FROM MONDAY on, people of Bangkok will be able to answer PM General Prayut Chan-o-cha’s six questions at Damrongdhamma centre at the Interior Ministry and 50 district offices across the province.
The structure of the questionnaire requires that respondents physically show up at the centres, verifying themselves with national identification cards, and then write down their answers on forms, said Interior Minister General Anupong Paochinda yesterday.
The pattern would follow much of the earlier “four questions” also previously launched by Prayut in which he claimed he was seeking the public’s thoughts about politicians and elections in light of next year’s general election.
The questions, however, have been slammed for being inaccurate in reflecting public opinion due to their unscientific methodology, and for having an underlying agenda of self-justification for the junta.
Former deputy PM Chaturon Chaisang said that the questions could be interpreted as hinting that the ruling junta wants to stay in power past the next election, through giving their support to a political party that would form a junta-backed government.
“From charter drafting, [to] holding a referendum to curbing political powers, Prayut’s bloc has done them all to achieve their goal,” Chaturon said in his Facebook status on Thursday.
“The only reason why he would have to launch such questions would probably be to ensure that they will gain public supports to carry on their plan, given that their administration performance isn’t satisfactory and their popularity declines,” the Pheu Thai Party’s key figure wrote.
One of the six questions asks if it the junta or the PM himself could support any party given that Prayut won’t compete in the election.
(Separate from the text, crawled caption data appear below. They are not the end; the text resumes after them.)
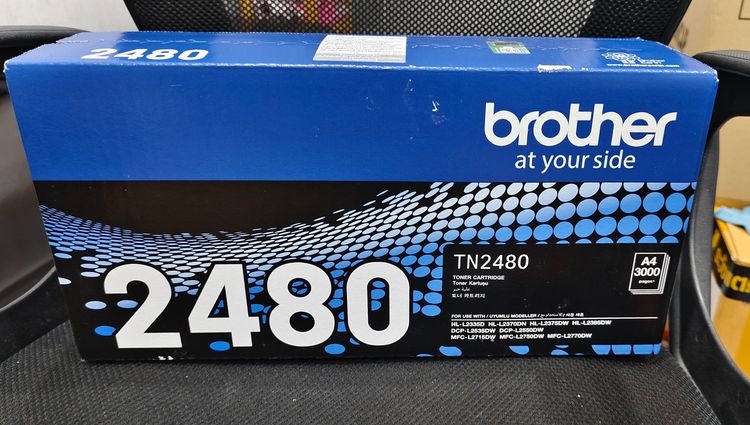  ขายตลับหมึกพิมพ์แท้ BROTHER TN 2480 BK 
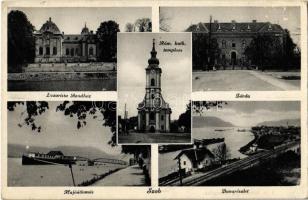 1940 Szob, Lazarista Rendház, Római katolikus templom, zárda, hajóállomás, Duna, vasútállomás (EK)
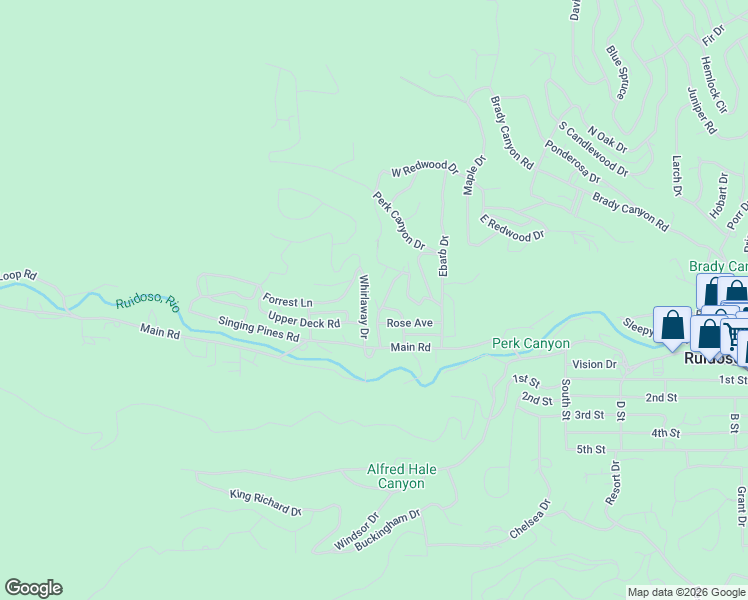 map of restaurants, bars, coffee shops, grocery stores, and more near 107 Dufo Street in Ruidoso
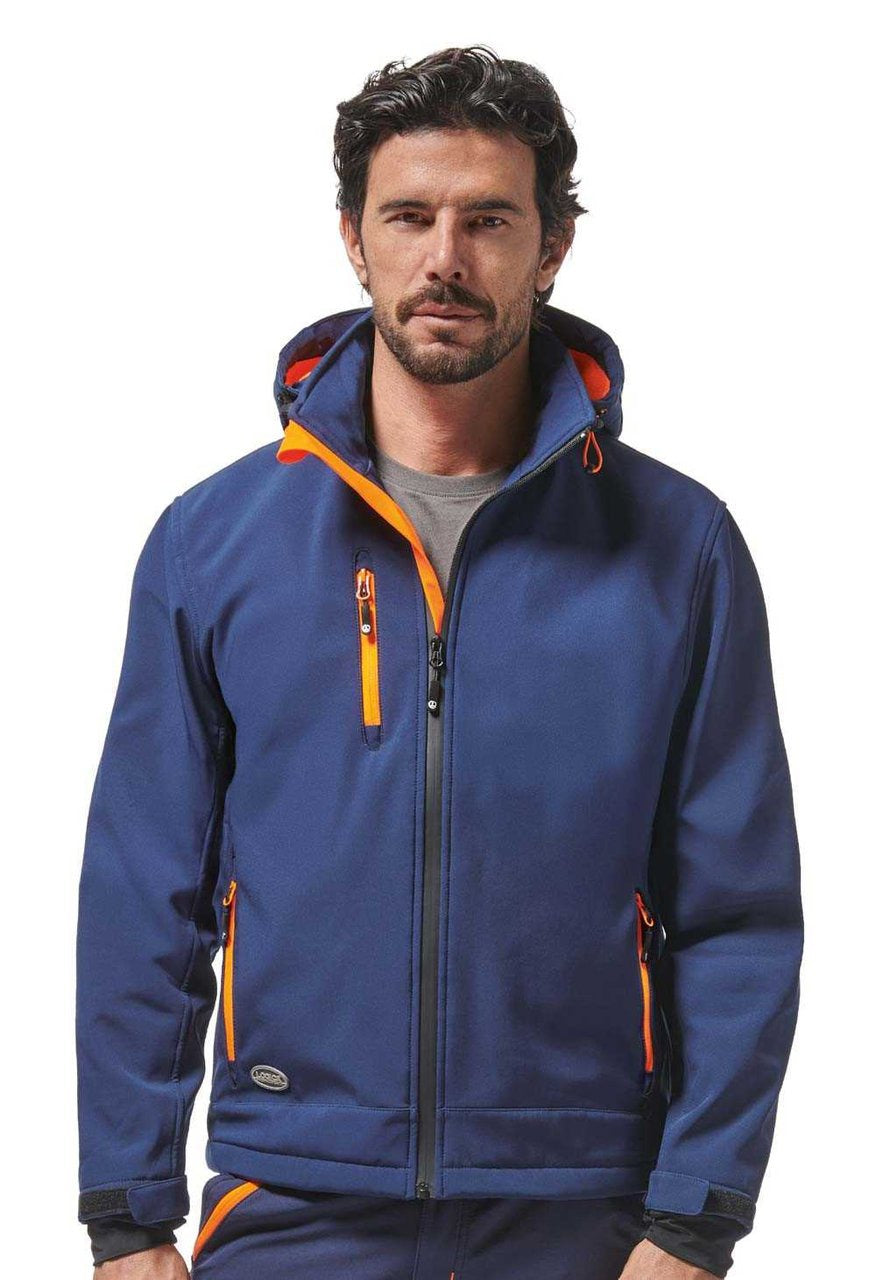 Giacca soft-shell Logica SLALOMCAP Blu/Arancio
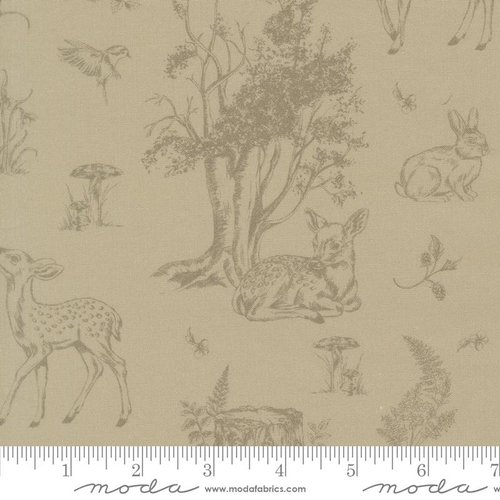 Fable and Fern Deer Sage - Quilt Fabric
Chaturon responded that this would be an abuse of power as state officers must remain politically neutral and not use their authority for their political benefit.
While the questions ask whether the election of “old-faced politicians” would be good for the country, the NCPO still maintains its political ban of five or more people, thus creating a barrier to new political faces emerging, he went on.
The questions also tend to justify the junta’s performance on combating corruption as well as following its draft national reform and strategy scheme.
“Any government will have to carry on [the reforms and strategies] by constitutional and legal mechanisms,” Chaturon said. “These functions should not be up to any specific group, without a check-and-balance system, like what the NCPO is now doing.”
Deputy PM Wissanu Krea-ngam said yesterday that he would next week discuss holding local elections with the Interior Ministry and the Constitution Drafting Commission next week.
However, as the NCPO order still hinders political activities, Wissanu said that the discussion would focus on amending related laws to support those elections.
“Voting in some local areas might need to be done after the general election,” the deputy said. “And to prevent conflicts, political bans may not be ‘unlocked’ in all areas simultaneously. We will have to see after the laws are amended.”